Suffice to say, and perhaps I say this coming from a poetry background, space breaks are sacrosanct. They offer a rest, a breather, a game changer, a scene change, a time change, a change in pov, tone, or tense. A space break gives the writer an opportunity to take a left where he might have taken a right, add paprika, turn up the heat, or lower the lights. A poet knows that what comes between stanzas is an essential tool in making a poem kill it. Your space breaks as a prose writer are second only to chapter breaks.

This post sings of the so called blank spaces.  This post also had too much sauvignon blanc at dinner.

MAD LIB

(Proper Name) ought to be an easy person to (Verb). He is (adjective), (adjective), (adjective), and ridiculously well connected. His father is (Proper Name), the editor of (National Magazine), and he grew up in the kind of gilded New York (noun) where Joan Didion, Jay McInerney and George Plimpton were drop-in guests.
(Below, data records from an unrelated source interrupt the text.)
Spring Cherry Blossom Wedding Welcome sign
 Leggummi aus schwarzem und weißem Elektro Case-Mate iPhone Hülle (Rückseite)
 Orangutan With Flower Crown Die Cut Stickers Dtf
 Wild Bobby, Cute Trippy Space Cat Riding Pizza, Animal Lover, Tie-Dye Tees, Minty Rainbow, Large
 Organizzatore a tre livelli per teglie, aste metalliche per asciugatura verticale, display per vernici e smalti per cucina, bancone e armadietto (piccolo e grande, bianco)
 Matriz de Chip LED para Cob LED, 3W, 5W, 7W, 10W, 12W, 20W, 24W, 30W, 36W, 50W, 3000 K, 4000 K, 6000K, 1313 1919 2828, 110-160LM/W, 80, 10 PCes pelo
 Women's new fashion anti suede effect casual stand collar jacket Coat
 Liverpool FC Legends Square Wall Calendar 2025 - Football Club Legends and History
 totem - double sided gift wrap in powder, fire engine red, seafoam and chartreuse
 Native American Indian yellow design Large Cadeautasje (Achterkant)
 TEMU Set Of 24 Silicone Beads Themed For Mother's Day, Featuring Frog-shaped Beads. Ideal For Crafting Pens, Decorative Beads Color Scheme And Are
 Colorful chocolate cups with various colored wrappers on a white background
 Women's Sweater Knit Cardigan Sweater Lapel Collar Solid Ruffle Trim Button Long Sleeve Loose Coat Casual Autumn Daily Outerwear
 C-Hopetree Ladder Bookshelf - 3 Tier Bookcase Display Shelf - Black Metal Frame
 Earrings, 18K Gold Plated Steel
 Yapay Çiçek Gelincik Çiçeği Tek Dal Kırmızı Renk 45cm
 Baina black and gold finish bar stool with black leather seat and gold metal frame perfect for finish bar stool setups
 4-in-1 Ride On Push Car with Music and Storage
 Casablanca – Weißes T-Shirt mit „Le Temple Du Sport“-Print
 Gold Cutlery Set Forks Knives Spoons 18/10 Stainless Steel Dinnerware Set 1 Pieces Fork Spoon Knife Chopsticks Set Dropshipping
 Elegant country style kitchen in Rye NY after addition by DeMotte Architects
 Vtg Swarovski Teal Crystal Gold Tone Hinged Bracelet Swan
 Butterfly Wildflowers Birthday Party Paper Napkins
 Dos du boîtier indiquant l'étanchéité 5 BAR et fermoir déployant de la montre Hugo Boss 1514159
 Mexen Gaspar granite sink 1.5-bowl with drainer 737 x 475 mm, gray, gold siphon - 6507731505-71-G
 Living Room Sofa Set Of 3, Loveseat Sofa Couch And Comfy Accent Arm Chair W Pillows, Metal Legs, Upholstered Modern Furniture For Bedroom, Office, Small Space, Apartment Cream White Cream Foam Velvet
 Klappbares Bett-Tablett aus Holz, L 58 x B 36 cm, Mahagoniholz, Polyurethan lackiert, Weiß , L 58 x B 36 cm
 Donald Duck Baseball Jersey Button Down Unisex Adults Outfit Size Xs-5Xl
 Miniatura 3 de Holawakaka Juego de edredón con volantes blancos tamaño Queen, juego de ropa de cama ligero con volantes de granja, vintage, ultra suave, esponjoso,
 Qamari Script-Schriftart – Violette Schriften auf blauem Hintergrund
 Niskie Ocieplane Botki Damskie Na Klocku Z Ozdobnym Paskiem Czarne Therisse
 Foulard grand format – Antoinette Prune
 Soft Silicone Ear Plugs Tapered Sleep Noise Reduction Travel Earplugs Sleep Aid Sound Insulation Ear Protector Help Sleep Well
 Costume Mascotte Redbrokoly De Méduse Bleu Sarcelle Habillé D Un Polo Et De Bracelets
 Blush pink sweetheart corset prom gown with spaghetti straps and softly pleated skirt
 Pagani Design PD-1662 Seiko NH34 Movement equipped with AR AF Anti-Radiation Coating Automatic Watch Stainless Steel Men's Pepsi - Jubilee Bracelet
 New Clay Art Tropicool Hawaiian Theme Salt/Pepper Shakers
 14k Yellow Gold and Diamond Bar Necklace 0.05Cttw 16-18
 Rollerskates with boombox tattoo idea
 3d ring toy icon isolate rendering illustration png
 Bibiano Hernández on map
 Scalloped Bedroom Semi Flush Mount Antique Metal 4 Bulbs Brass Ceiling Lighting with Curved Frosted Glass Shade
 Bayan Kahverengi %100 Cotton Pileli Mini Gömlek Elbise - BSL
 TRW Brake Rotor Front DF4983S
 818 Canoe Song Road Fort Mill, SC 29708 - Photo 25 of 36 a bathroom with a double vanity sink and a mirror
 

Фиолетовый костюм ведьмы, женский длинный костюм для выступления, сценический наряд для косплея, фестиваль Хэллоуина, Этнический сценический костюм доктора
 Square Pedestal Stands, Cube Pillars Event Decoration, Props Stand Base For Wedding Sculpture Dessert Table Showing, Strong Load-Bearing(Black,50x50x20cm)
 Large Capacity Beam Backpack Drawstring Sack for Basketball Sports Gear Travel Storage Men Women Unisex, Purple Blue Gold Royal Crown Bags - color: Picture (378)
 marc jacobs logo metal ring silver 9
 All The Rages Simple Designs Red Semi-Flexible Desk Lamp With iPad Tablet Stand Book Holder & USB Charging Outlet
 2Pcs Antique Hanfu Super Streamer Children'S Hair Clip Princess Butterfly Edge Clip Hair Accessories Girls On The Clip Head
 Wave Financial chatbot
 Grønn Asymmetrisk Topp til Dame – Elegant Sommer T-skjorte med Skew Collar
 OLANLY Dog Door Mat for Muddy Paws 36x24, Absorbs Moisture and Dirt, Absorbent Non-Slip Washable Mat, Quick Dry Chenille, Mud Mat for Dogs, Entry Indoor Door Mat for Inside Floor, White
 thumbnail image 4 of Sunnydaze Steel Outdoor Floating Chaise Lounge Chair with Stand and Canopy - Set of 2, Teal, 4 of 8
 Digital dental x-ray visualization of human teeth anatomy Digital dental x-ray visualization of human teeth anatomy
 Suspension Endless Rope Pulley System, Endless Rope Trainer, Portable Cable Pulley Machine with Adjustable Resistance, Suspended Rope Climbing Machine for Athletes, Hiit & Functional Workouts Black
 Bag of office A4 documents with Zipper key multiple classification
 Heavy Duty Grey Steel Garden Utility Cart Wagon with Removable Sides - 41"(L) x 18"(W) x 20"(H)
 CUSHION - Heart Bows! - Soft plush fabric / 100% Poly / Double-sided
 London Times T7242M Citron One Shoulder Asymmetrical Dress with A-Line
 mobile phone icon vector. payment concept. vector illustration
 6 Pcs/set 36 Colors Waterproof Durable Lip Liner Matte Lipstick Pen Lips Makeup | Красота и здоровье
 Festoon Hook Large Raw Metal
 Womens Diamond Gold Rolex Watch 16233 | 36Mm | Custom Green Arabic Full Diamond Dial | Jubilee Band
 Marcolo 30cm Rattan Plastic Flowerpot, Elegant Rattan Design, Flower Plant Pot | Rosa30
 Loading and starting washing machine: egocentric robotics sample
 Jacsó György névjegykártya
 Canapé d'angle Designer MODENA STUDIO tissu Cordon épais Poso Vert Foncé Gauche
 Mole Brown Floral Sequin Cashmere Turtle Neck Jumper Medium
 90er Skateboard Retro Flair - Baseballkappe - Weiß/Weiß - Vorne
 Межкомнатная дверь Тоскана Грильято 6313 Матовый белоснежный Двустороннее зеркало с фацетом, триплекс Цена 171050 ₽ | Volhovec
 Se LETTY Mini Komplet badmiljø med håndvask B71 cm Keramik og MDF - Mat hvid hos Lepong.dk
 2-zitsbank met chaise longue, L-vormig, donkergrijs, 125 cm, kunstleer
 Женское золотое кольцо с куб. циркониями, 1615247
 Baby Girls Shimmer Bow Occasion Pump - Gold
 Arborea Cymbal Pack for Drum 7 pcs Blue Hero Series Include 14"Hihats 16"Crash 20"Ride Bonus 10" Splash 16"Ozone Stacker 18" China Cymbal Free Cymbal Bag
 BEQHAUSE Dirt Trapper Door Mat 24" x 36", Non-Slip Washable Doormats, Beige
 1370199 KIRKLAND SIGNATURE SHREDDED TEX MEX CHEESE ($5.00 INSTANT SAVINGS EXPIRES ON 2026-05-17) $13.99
His godfather is Morgan Entrekin, the publisher of Grove/Atlantic, who bought (Proper Name’s)  first novel, “(Book Title)” when (Proper Name)  was just (Age).  Hunter S. Thompson, another family friend, came through with a timely blurb, saying, “I’m afraid he will do for his (Noun) what I did for mine.”

Photo: Michael Nagle
 
If that weren’t insufferable enough, (Proper Name), now 25, has a third novel, “An Expensive Education,” being published on Wednesday by Atlantic Monthly, and “,” meanwhile, is being made into a (Noun) starring Kiefer Sutherland, Chace Crawford and (Your Favorite Rap Artist).
*Copy supplied by Charles McGrath/NYT/8/3/09

Everybody Hurts (reprise)

 A  reader asks, “Is it worth it — working so hard and long on a book to see it barely sell and get ignored by the media?”

 

 

 

 

 

 

 

 A writer friend compared publishing a book to bringing a bucket of water down to the sea. I feel this way on many days when a client’s books doesn’t  “perform in the marketplace.” And sometimes I think I’ve dried enough tears to fill an ocean.

Is it worth it? I wish I could yes, but all fruits bruise in their own way.

Spike Lee once said, after getting trashed by the critics, that that was the price for getting in the game. And then to quote a literary light and personal hero, Derek Jeter, who once said when the team was on a losing streak, “It makes you sick. How else can it make you feel. If doesn’t make you sick, you shouldn’t be competing.”

These words I took to heart when I started selling books, and eventually when I wrote my own.  And to this day, I’m glad to be in the game and it makes me sick.

And since you put it that way, is anything worth it?